A: Nope. I thought the other one in the nursery was so cute I had to take it home.
Q: Oh…..a boy and a girl?
A: Nope, my other son felt like wearing a lot of pink today with that cute bow on his head.
Q: Oh, you must have your hands full?
A: Nope…you see my entourage of help….I got it covered. (As I am looking aimlessly behind myself, like can you see that there is no one else around)
Q: Do twins run in your family?
A: Nope, hubby and I made the decision to go get a turkey baster and see how many we get.
(Yes they do….and Nun ya!)
Q: How far apart are they?
A: Um…like a minute? (WTF really?)
Q: Are they yours?
A: Nope I got them from the “Twins” outlet and thought I would stroll them around for the day and see how I liked them. (again….WTF?)
Q: Are you getting any sleep?
A: (crickets)
Q: Are they identical?
A: (crickets…do they not see the blue and pink?)
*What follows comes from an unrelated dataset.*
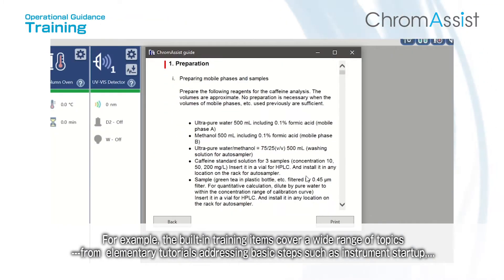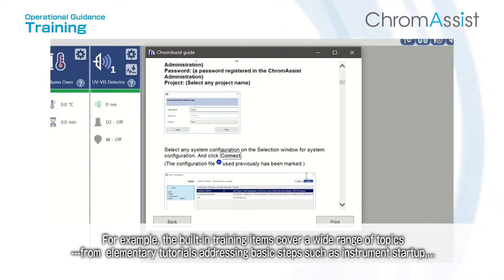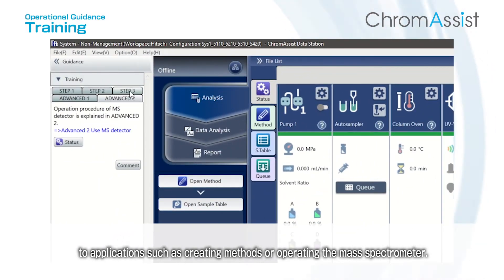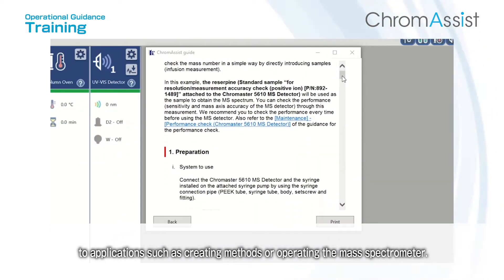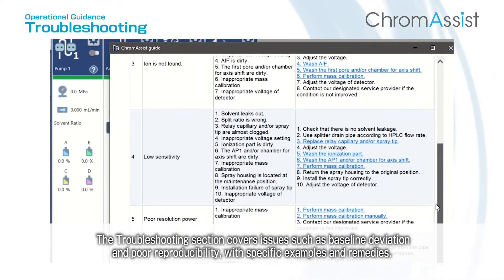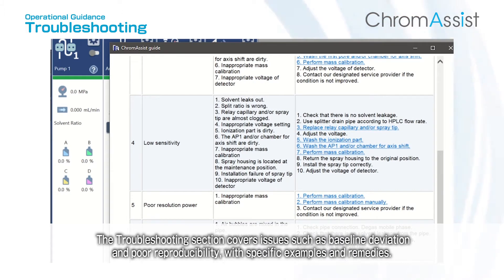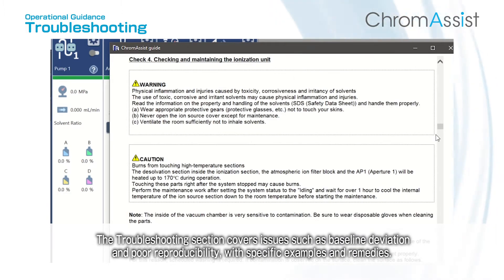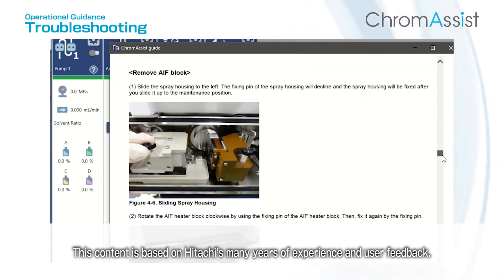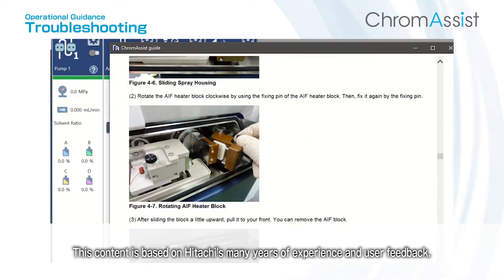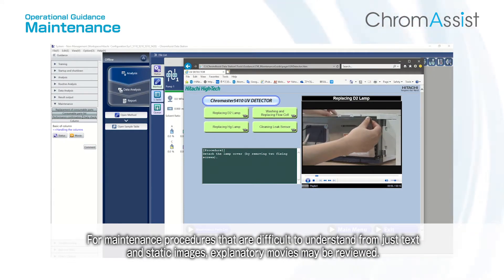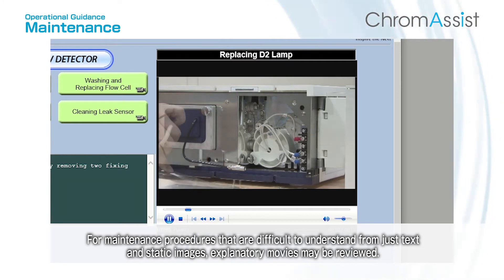The built-in training items cover a wide range of topics, from elementary tutorials addressing basic steps such as instrument startup, to applications such as creating methods or operating the mass spectrometer. The troubleshooting section covers issues such as baseline deviation and poor reproducibility, with specific examples and remedies. This content is based on Hitachi's many years of experience and user feedback. For maintenance procedures that are difficult to understand from just text and static images, explanatory movies may be reviewed.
The best part about that question is that I had an “identical” twin ask me that…I about fell over.
Q: Can you tell the difference?
A: (I badly want to answer…between a moron and a smart person?) Yes
Q: Can you tell which one is crying?
A: Generally the one with their mouth open. I can tell the difference between each of their cries…that’s easy.
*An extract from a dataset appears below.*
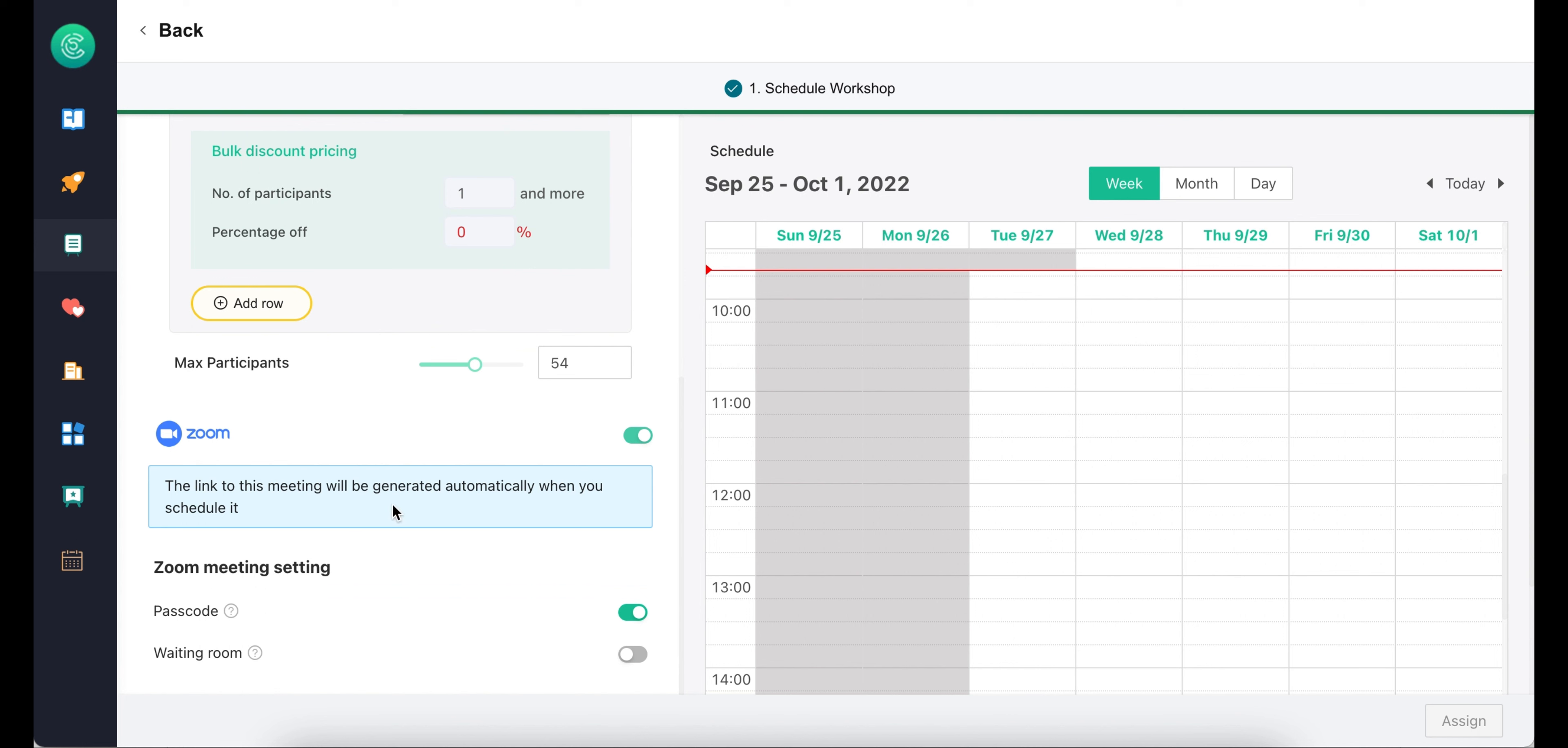As long as the authorization is valid, your Zoom meeting will always be scheduled together with your workshop when you switch the Zoom on.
Q: Oh, you must be so busy?
A: Nope that is why I am running through here and you stopped my beeline…because I am soooo not busy.
Q: How do you do it?
A: (I answer honestly) I don’t know…I just do…you can’t stop and think about it.
Q: (The bold) Did you gain a lot of weight?
A: I smile, want to give the bird and walk away.
Q: Are these your first?
A: (As I am yelling at G to quit climbing on things and he responds telling me ‘No Momma’) I smile
Q: Are you done?
A: Um…yeah like two kids ago I was done.
Q: Are they good?
A: Dunno…haven’t thrown them on the grill yet. Oh you mean the kids……
Last but not least….my all all time high and favorite thing to say to me about twins and so not an original…………………………………………………………………………….
I’M SURE GLAD IT IS YOU AND NOT ME.
With that I want to say a big F*#% You and have a great day! I was told that if you don’t have anything nice to say…….don’t say anything at all.